◆ WHAT TO DO ◆
Please give back, word for word, each line from the start of the entries through the one in which "Delta Air Lines Airbus A350-900" is found.

◆ SUPPLIED DATA ◆
▼

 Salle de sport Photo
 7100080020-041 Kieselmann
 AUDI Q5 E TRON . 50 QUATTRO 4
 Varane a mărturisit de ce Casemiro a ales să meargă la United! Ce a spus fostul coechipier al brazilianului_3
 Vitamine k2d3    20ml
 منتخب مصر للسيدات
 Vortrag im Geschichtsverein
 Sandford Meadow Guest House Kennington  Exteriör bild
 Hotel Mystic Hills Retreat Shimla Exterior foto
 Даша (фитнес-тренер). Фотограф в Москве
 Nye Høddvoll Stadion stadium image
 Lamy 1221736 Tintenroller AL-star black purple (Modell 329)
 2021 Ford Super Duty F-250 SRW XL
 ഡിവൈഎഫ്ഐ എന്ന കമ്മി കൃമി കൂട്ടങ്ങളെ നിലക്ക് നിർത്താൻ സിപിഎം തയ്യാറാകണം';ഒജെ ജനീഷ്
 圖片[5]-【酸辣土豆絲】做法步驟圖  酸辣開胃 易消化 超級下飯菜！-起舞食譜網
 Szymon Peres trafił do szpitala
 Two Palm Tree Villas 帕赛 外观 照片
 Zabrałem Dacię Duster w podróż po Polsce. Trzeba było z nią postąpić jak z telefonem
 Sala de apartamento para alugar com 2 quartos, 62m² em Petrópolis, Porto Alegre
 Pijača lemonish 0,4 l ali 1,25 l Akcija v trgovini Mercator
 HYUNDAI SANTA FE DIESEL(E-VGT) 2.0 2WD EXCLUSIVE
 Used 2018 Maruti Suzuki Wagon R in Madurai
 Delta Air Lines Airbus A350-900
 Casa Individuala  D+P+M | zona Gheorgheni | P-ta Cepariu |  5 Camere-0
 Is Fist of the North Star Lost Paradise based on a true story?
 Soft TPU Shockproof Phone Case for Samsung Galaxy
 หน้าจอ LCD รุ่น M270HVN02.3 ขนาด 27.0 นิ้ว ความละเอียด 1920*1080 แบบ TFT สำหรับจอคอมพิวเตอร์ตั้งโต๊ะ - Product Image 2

▲

◆ EXERCISE SOLUTION ◆
 Salle de sport Photo
 7100080020-041 Kieselmann
 AUDI Q5 E TRON . 50 QUATTRO 4
 Varane a mărturisit de ce Casemiro a ales să meargă la United! Ce a spus fostul coechipier al brazilianului_3
 Vitamine k2d3    20ml
 منتخب مصر للسيدات
 Vortrag im Geschichtsverein
 Sandford Meadow Guest House Kennington  Exteriör bild
 Hotel Mystic Hills Retreat Shimla Exterior foto
 Даша (фитнес-тренер). Фотограф в Москве
 Nye Høddvoll Stadion stadium image
 Lamy 1221736 Tintenroller AL-star black purple (Modell 329)
 2021 Ford Super Duty F-250 SRW XL
 ഡിവൈഎഫ്ഐ എന്ന കമ്മി കൃമി കൂട്ടങ്ങളെ നിലക്ക് നിർത്താൻ സിപിഎം തയ്യാറാകണം';ഒജെ ജനീഷ്
 圖片[5]-【酸辣土豆絲】做法步驟圖  酸辣開胃 易消化 超級下飯菜！-起舞食譜網
 Szymon Peres trafił do szpitala
 Two Palm Tree Villas 帕赛 外观 照片
 Zabrałem Dacię Duster w podróż po Polsce. Trzeba było z nią postąpić jak z telefonem
 Sala de apartamento para alugar com 2 quartos, 62m² em Petrópolis, Porto Alegre
 Pijača lemonish 0,4 l ali 1,25 l Akcija v trgovini Mercator
 HYUNDAI SANTA FE DIESEL(E-VGT) 2.0 2WD EXCLUSIVE
 Used 2018 Maruti Suzuki Wagon R in Madurai
 Delta Air Lines Airbus A350-900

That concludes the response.